I created a simple door and key system, using generic assets of a cone to represent the key, and a cube to represent the door…
This works pretty well so far, and accomplishes the following:
- If you try the door without grabbing the key, it tells you that you need to get the key.
- If you grab the key, it assigns the variable saying you now have it, and then destroys the cone that acts as the key. (Representing the key pickup.)
- Once you have the key, if you try the door, it destroys the cube that acts as the door. (Representing the door opening.)
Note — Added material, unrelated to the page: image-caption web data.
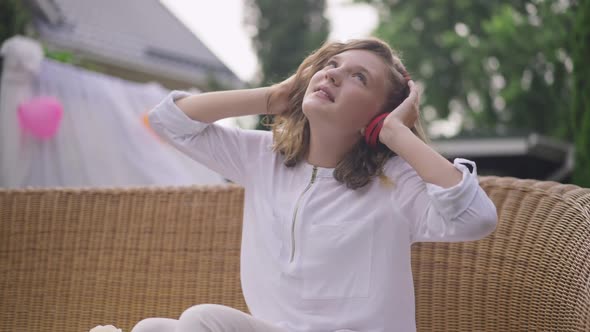 Portrait of Relaxed Teenage Girl Enjoying Music in Earphones Sitting on Backyard on Couch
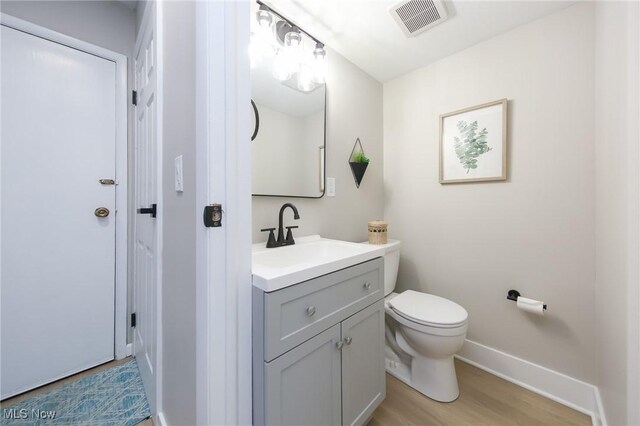 bathroom featuring hardwood / wood-style floors, vanity, and toilet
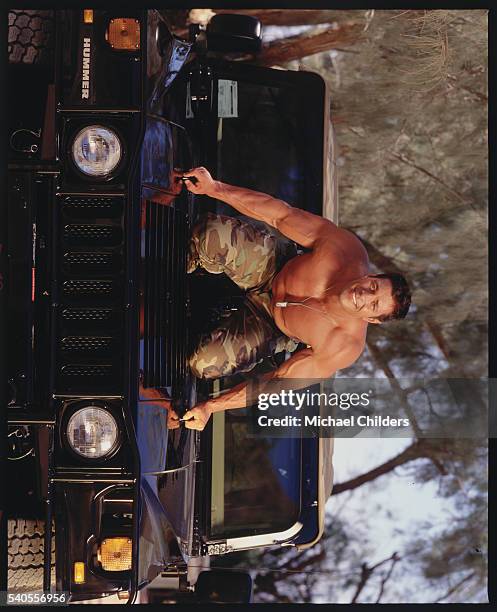 American actor and bodybuilder Christian Boeving kneeling on a hummer.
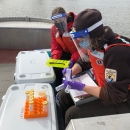 Biologists prepare tubes for water samples during an eDNA sampling event.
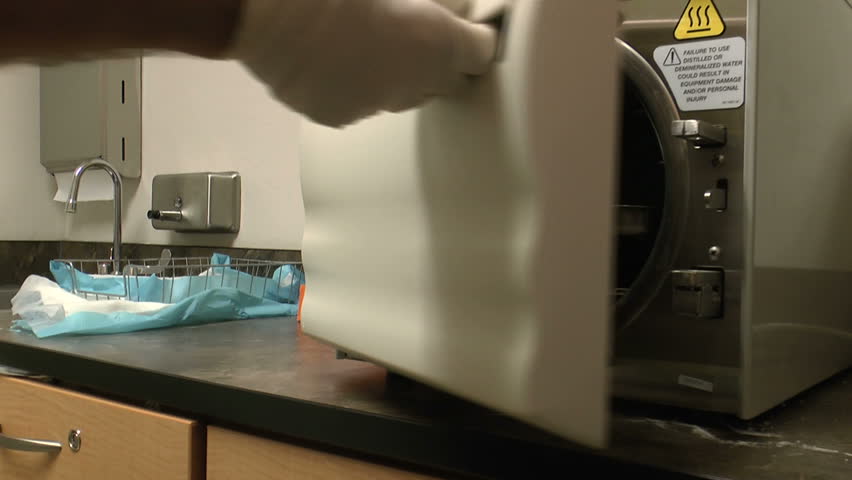 Medical worker wears gloves, opens sterilizer door, removes tray of medical, surgical instruments. 1080p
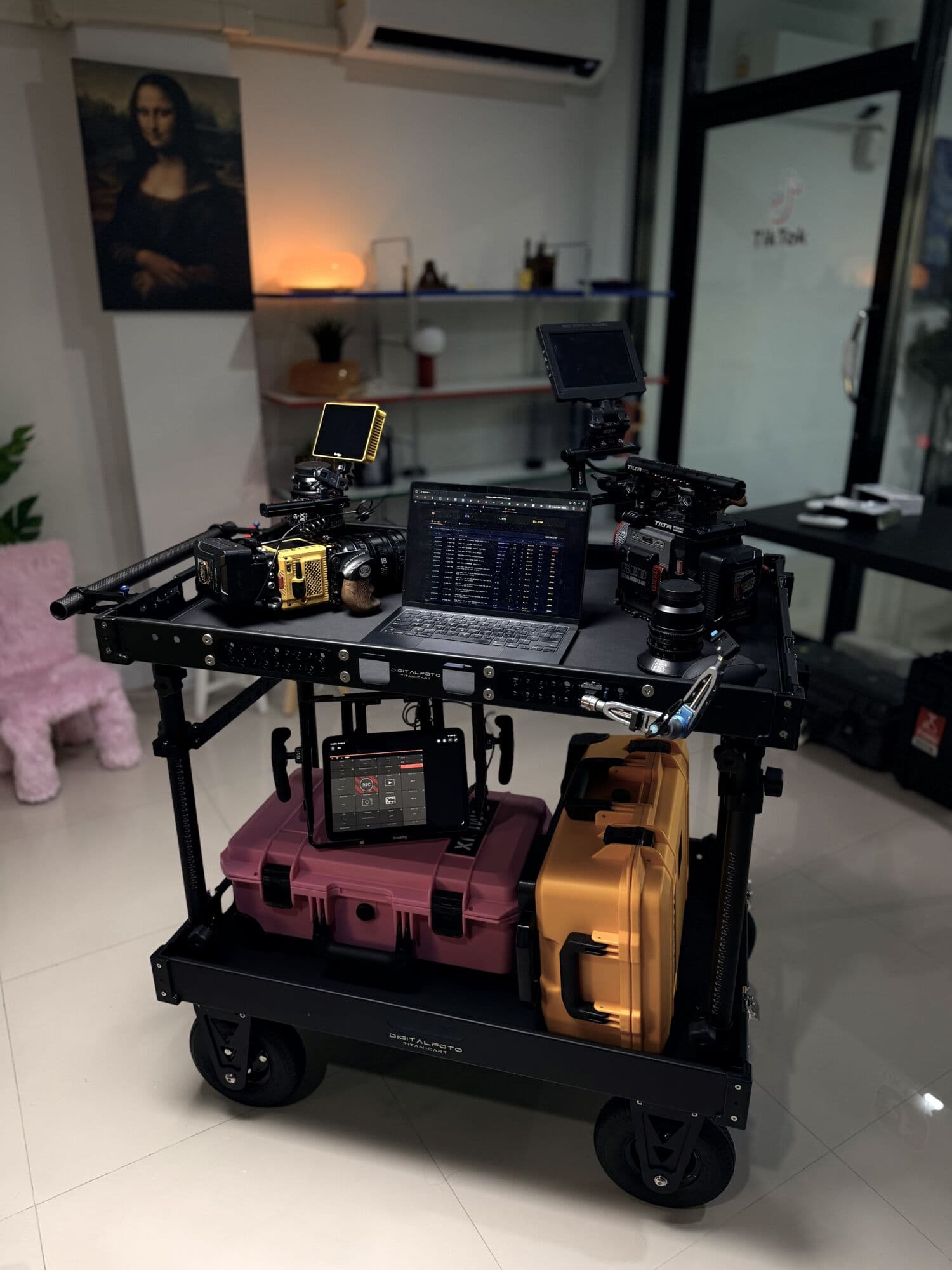 Camera cart in a studio carrying Pink and Yellow cases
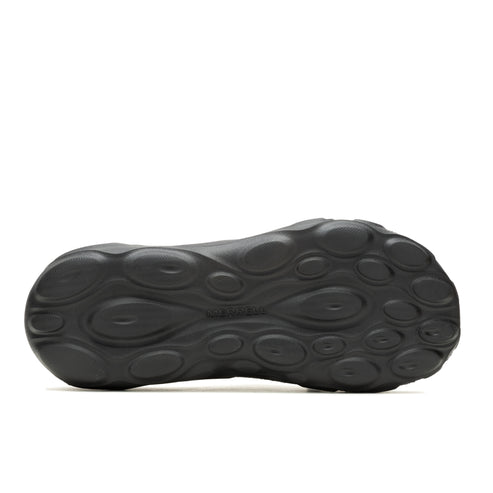 Black shoe sole with oval indentations.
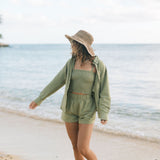 Woman wearing loose button up and smocked tube top with spaghetti straps and short in medium green linen.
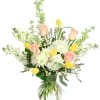 Pink roses and yellow tulips in a clear glass vase
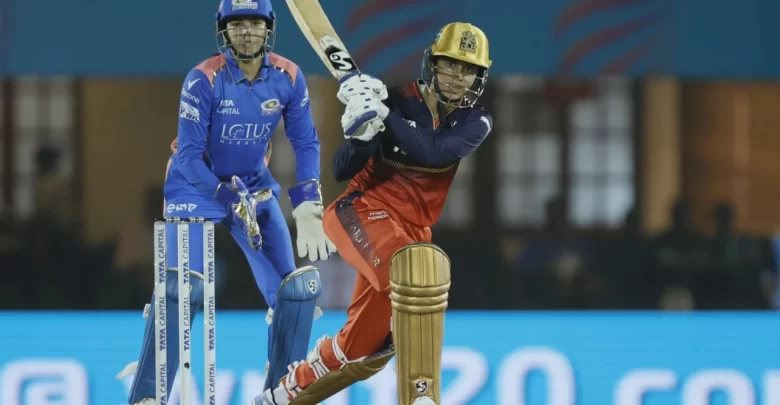 Smriti Mandhana celebrates her explosive half-century for RCB in WPL 2025.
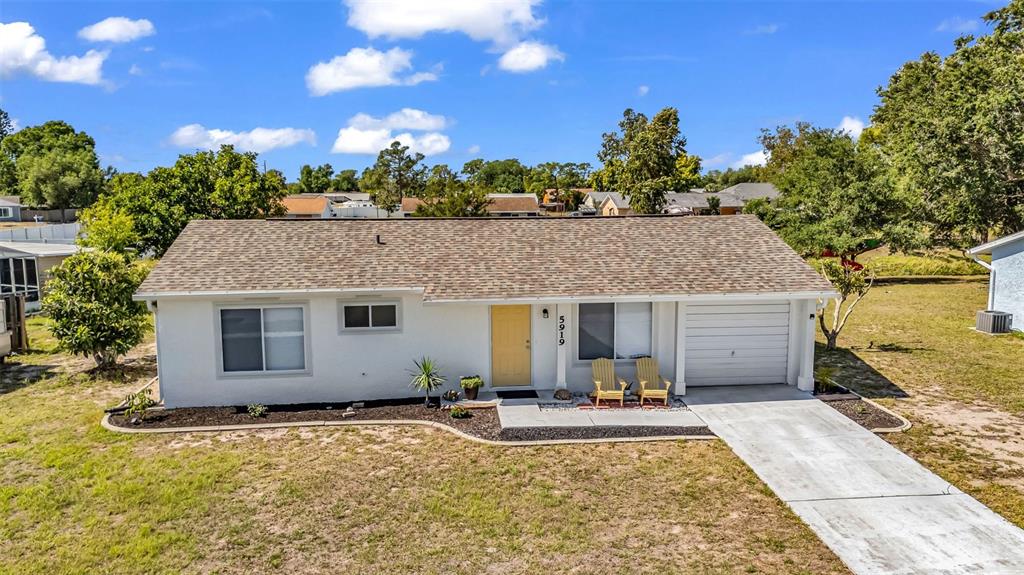 A single-story house with a white exterior, yellow front door, and an attached garage — 5919 HOBHILL AVENUE, NORTH PORT, FL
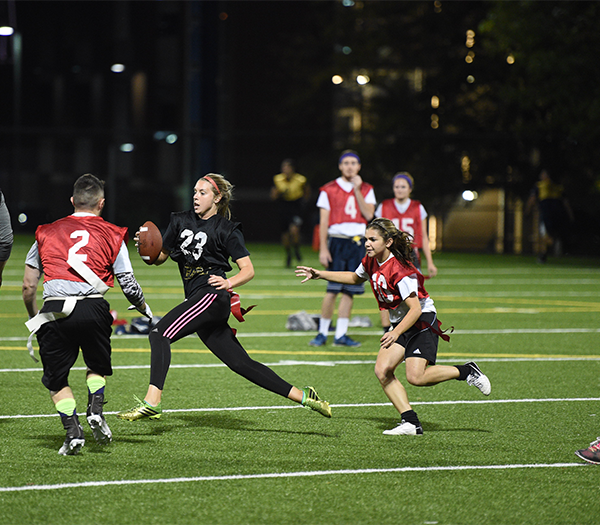 students playing flag football
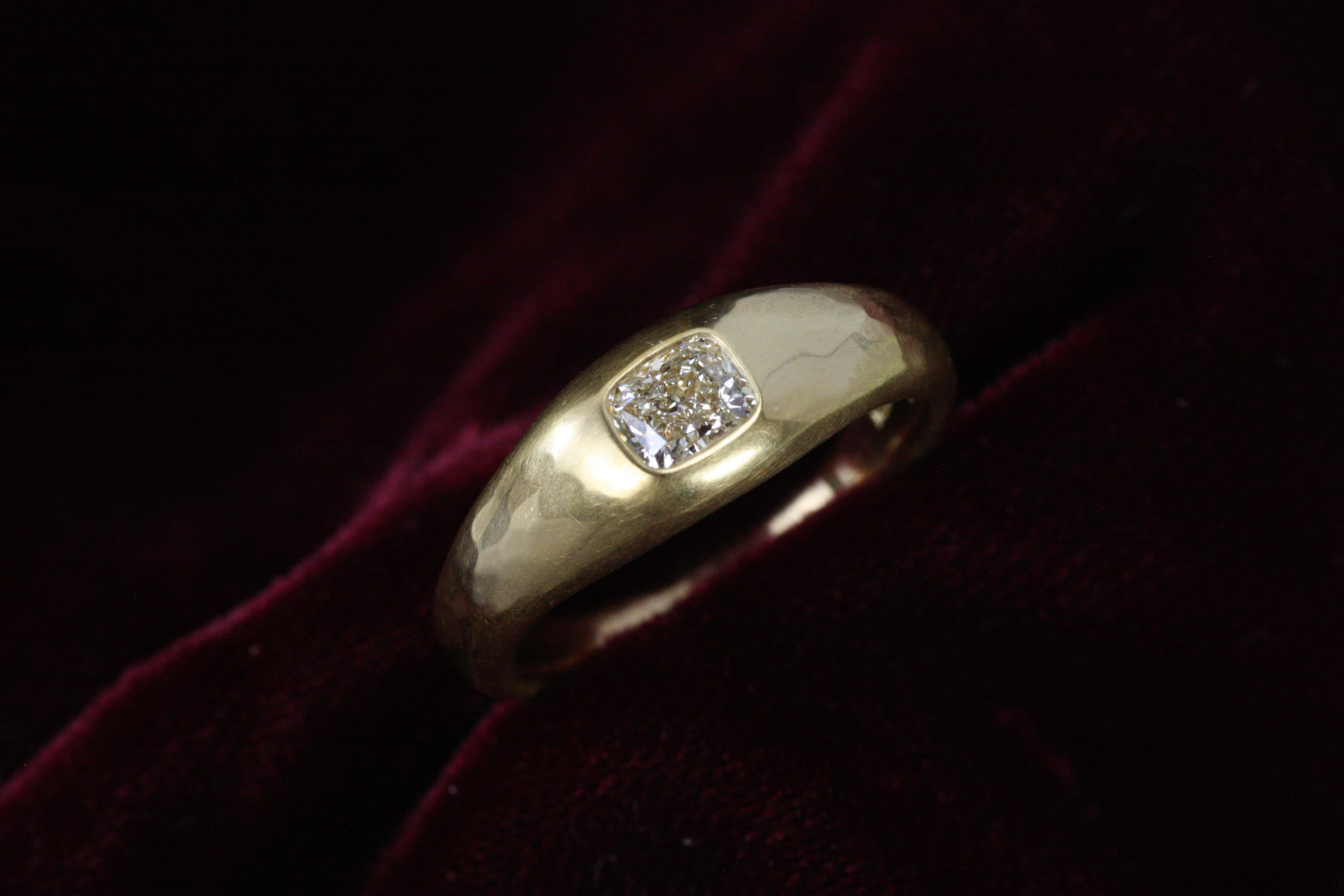 This gypsy ring redefines elegance with a 0.50ct cushion cut diamond nestled in a low-profile, flush setting. Crafted in 22K yellow gold with a matte hammered finish, its minimalist design pairs sophistication with everyday practicality and comfort.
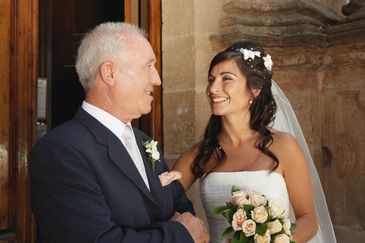 Bride and older man sharing a joyful moment at a wedding.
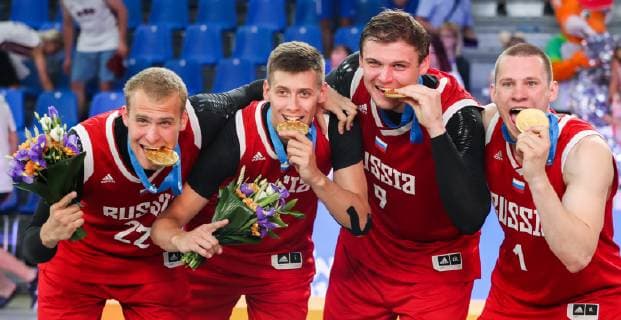 MINSK, BELARUS - JUNE 24, 2019: Russia s Alexei Zherdev, Kirill Pisklov, Ilya Karpenkov and Stanislav Sharov (L-R) pose with their gold medals at a victory ceremony after the men s 3x3 basketball event at the 2nd Europaspiele Russia won 21-14. Natalia Fedosenko TASS  TS0B0CE1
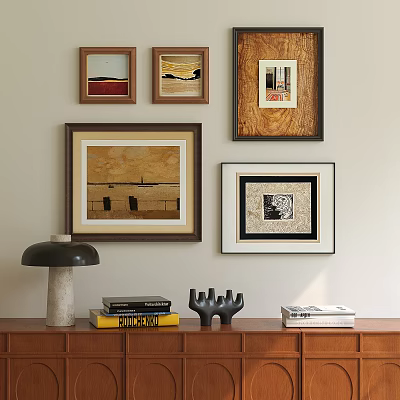 Framed Oil Paintings on Wall Above Wooden Cabinet with Books and Decorative Lamp 3d model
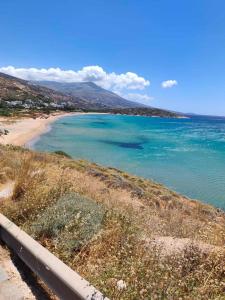 a view of a beach next to a body of water at Prestige Rooms Andros in Gavrio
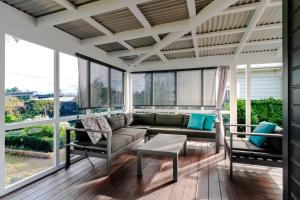 a screened in porch with a couch and chairs at 19 Broadway in Martinborough +25 photos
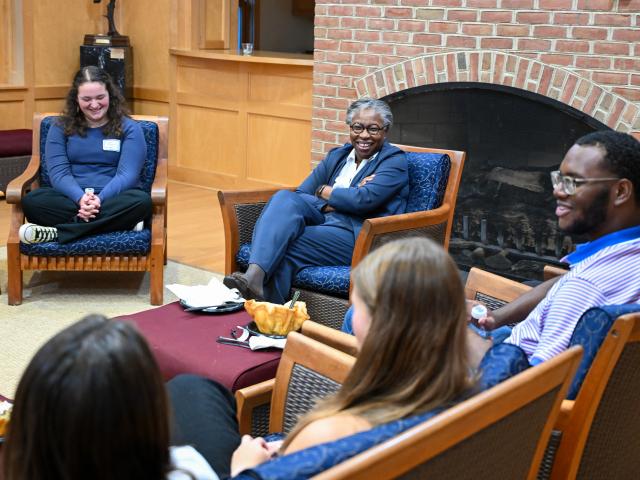 A group of people sitting in chairs having a conversation 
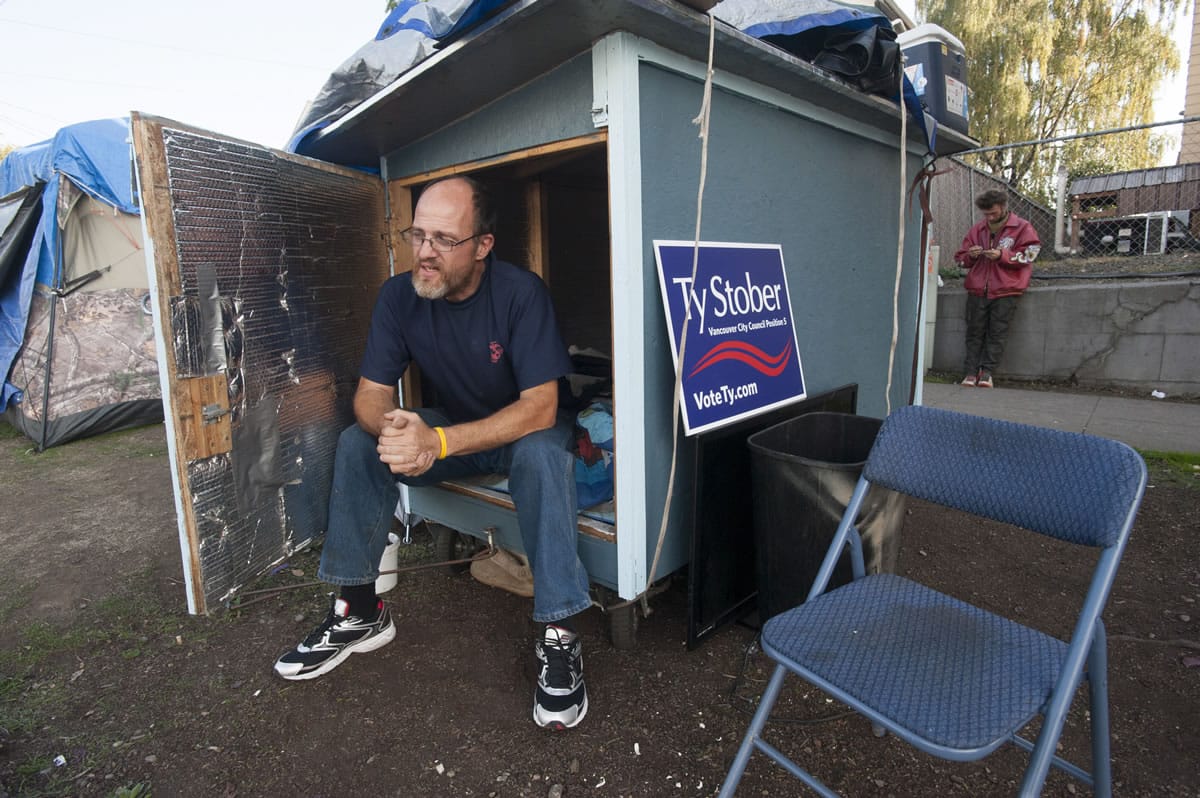 Lloyd Dodge sits in his hut Tuesday at a homeless camp near Share House in downtown Vancouver.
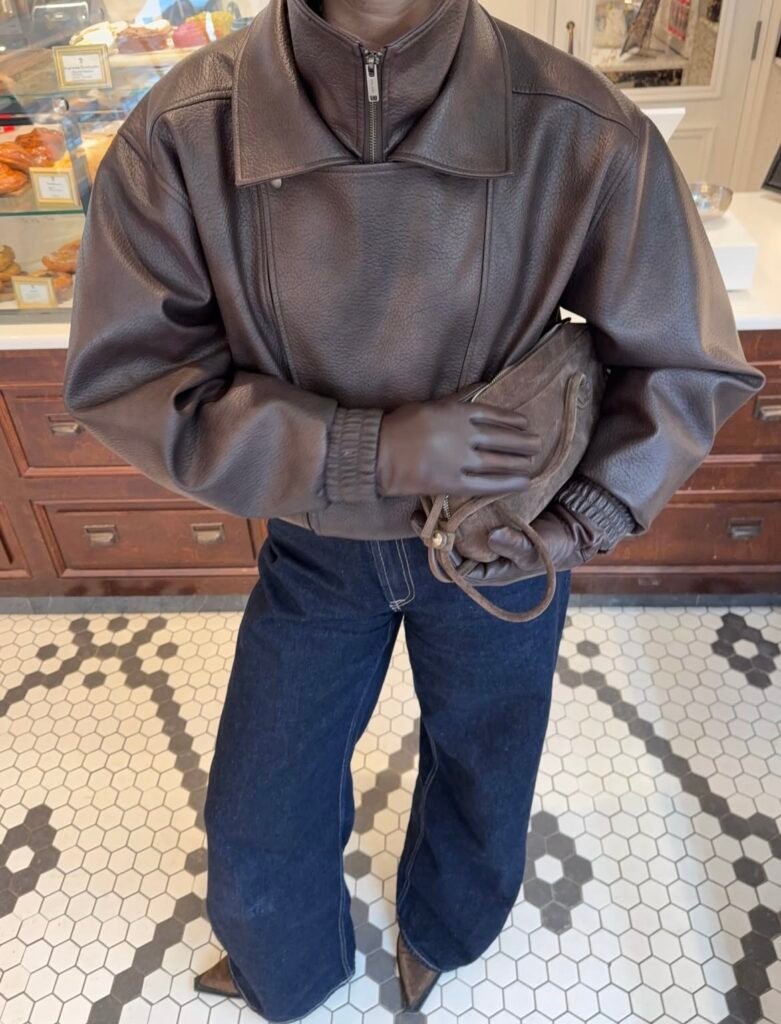 An outfit with a black faux leather jacket.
Now, my challenge is this: Is there a simple way to have multiple keys on a level that corresponds with specific doors? (i.e. I have key 1, 2 and 3, which open door 1, 2 and 3, respectively.) I have been trying to work through the logic that says the following:
- If you try any of the three doors and have no keys, it will tell you “you don’t have a key”. (Sure, I could cheat and say “you don’t have the key for THIS DOOR”, but that would be a cop-out.)
- If you have one key, and you try the wrong door, it will tell you “this is not the correct key for this door”
- If you have more than one key, and you try the right door, it will tell you “none of the keys you have open this door”
- If you have the right key in your inventory for the door, it will open (or destroy, in this case) the door
Shy of building (what my brain can only comprehend are) giant blueprints for each of the keys and doors, is there a simple way to make this work? I can think it through, having multiple branches and multiple outcomes, but I think there may be a better way to do this…
I was considering trying to determine if each ‘key’ could be assigned a unique value so that any combination would add up to a specific total which would tell you which keys you had, and then this calculation could be applied to each door itself.
For example:
- Key 1 is worth 1
- Key 2 is worth 3
- Key 3 is worth 5
So… if you owned the following combinations:
Key 1 alone, the total would be 1.
Key 2 alone, the total would be 3.
Key 3 alone, the total would be 5.
Key 1 and 2, the total would be 4.
Key 1 and 3, the total would be 6.
Key 2 and 3, the total would be 8.
Key 1, 2 and 3, the total would be 9.
Am I thinking too much here? Obviously, having only three keys wouldn’t be as confusing as having ten keys and ten doors, but would something like this work? Is there something much better than this, that could accommodate what I’m looking for?
Thanks, in advance!